Task requirements:
The listing below holds pictures; exclude them. Return exactly the lines from the one with "ECO MED_Red Tipped" through the one with "Superdry & Co".

Dataset content:
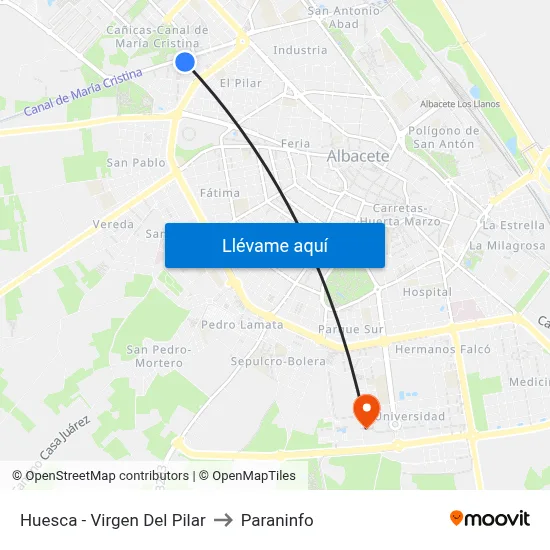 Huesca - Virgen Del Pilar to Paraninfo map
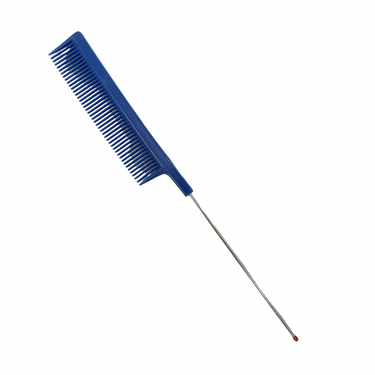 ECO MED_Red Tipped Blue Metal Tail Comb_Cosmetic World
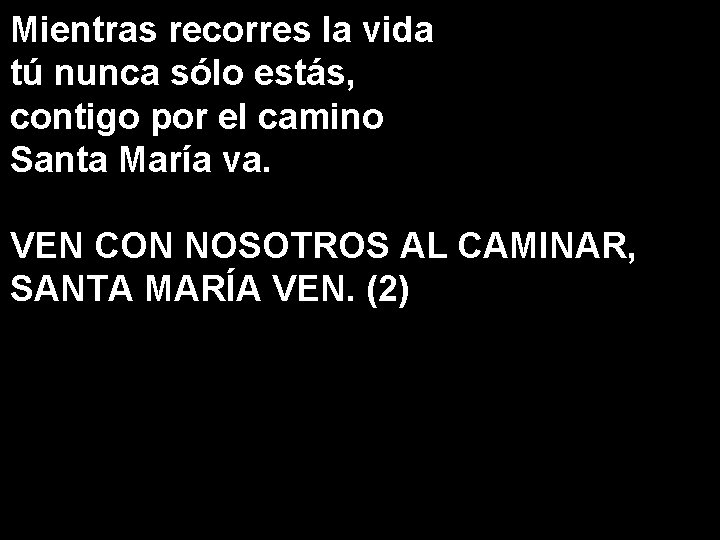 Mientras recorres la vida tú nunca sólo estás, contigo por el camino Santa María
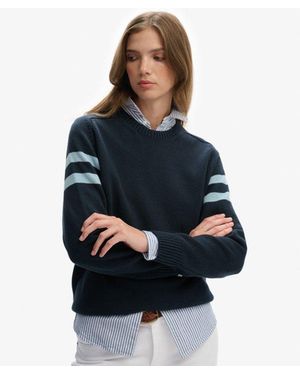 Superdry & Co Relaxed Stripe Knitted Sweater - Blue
--
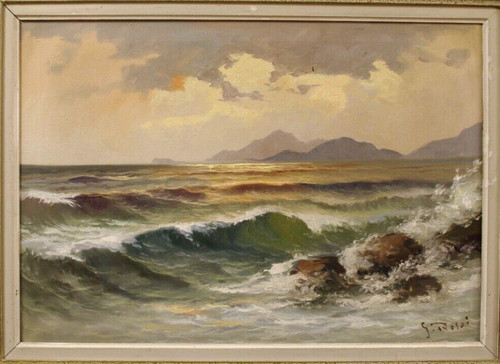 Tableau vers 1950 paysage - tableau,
...
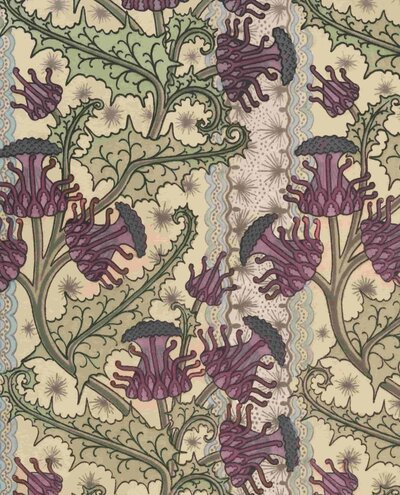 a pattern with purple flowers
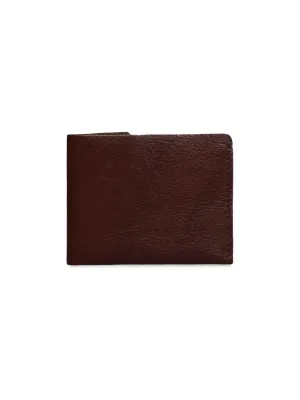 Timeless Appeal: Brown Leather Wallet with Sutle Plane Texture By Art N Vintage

Solution to this exercise:
 ECO MED_Red Tipped Blue Metal Tail Comb_Cosmetic World
 Mientras recorres la vida tú nunca sólo estás, contigo por el camino Santa María
 Superdry & Co Relaxed Stripe Knitted Sweater - Blue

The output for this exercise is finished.